Ms. Gordon, however, was pleased. She’d noticed how suited they were to each other. “They could be on the couch doing some little thing together, like origami, and be perfectly content. One of the things us older people picked up on — his grandmother and I — how nice it is when you meet your soul mate. You know. They’re so attuned to one another.”


On March 1 they married, moving into a $400-a-month apartment off Route 57, not far from the Citgo or the Staples where Adrianna had taken a job. Though she was enrolled at the local community college, her dream was to attend Tom Savini’s Special Make-Up Effects Program in Monessen, Pa. (Mr. Savini worked on “Dawn of the Dead,” “Friday the 13th,” “Texas Chainsaw Massacre 2.”) For now, she said, “I don’t have the money for college, nor can I move to the middle of Pennsylvania myself.” Instead, she enrolled in beauty school. “I figured I’d get my cosmetology license and save up money to help with Special Effects in the future.”
This is the second in a series of articles about New Jersey National Guard Families in wartime.
BY early September, when she returned from El Paso, Adrianna no longer felt comfortable alone in their apartment. “It was sad,” she said. “That’s where we lived.”
She could have moved back with her family, but she has three younger sisters — ages 15, 6 and 5 — and says the house is often noisy and chaotic. One thing she’d loved about living with her husband: “Being alone with one other person who’s quiet is so nice.”
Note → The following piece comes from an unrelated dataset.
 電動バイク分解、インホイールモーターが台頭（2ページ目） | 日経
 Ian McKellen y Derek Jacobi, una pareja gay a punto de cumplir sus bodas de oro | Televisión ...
A week later, Ms. Gordon brought up Jonathan’s room again. “This time, I didn’t say come move in,” Ms. Gordon recalled. “I said, ‘If you want to clean out his room, you could just use it if you ever needed it.’ ”
“I liked the idea of fixing it up,” Adrianna said.
Jonathan’s sloppiness is legendary, and the two women worked long hours filling trash bags. “We found school books, library books never returned, his skateboard, a broken video camera,” said the mother.
“A doughnut half eaten in a drawer,” said the wife.
They disagreed about what to do with it all.
“Throw it all in the trash,” Adrianna said. “If he goes through it, he’ll want to save stuff. This way he’ll forget — he obviously doesn’t need it.”
“Being the mother,” Ms. Gordon said, “I know a year from now he’ll want some book and get bent out of shape when it’s gone.” She had final say, and is storing the trash bags in her garage until her son returns from Iraq.
ON a Sunday in mid-September, Ms. Gordon invited her daughter-in-law for a nice salmon dinner. Sitting together in the kitchen, Adrianna said, “Do you mind if I take you up on that offer to come over here?”
Ms. Gordon did not mind.
Adrianna spent the next two weekends painting Jonathan’s room, replacing the electric fixtures and putting up shelves. She’s quite handy — she says she gets it from her stepfather, who is in construction.
In late September, a few days before her 18th birthday, she moved in, bringing along her paintings, her electric guitar and her books. She’s reading “The Iraq War,” by the British military historian John Keegan. “I want to understand what’s going on,” she said. “Gordon’s part of it.”
The two women get along well, they say.
“She’s very quiet, I’m very quiet,” Ms. Gordon said. “She’s at school all day, I’m at work. She’s neat and tidy, straightens up the bathroom towels before leaving in the morning, remembers to clean out the coffee pot.”
“It’s been pretty easy,” Adrianna agreed.
They do have a shared interest, which they’re reminded of every time a cellphone jingles in the house, signaling a text message from Private Gordon.
While he texts his mother once or twice a week, he often texts his wife a dozen times a day. The mother is not jealous. “No,” she said. “He and I are tight, but he’s transferred his attention to her, which is how it should be. She’s his wife.”
Indeed, she considers it one of the benefits of living with her daughter-in-law. Every time the young Mrs. Gordon’s cellphone jingles, the elder Ms. Gordon knows their shared interest is safe.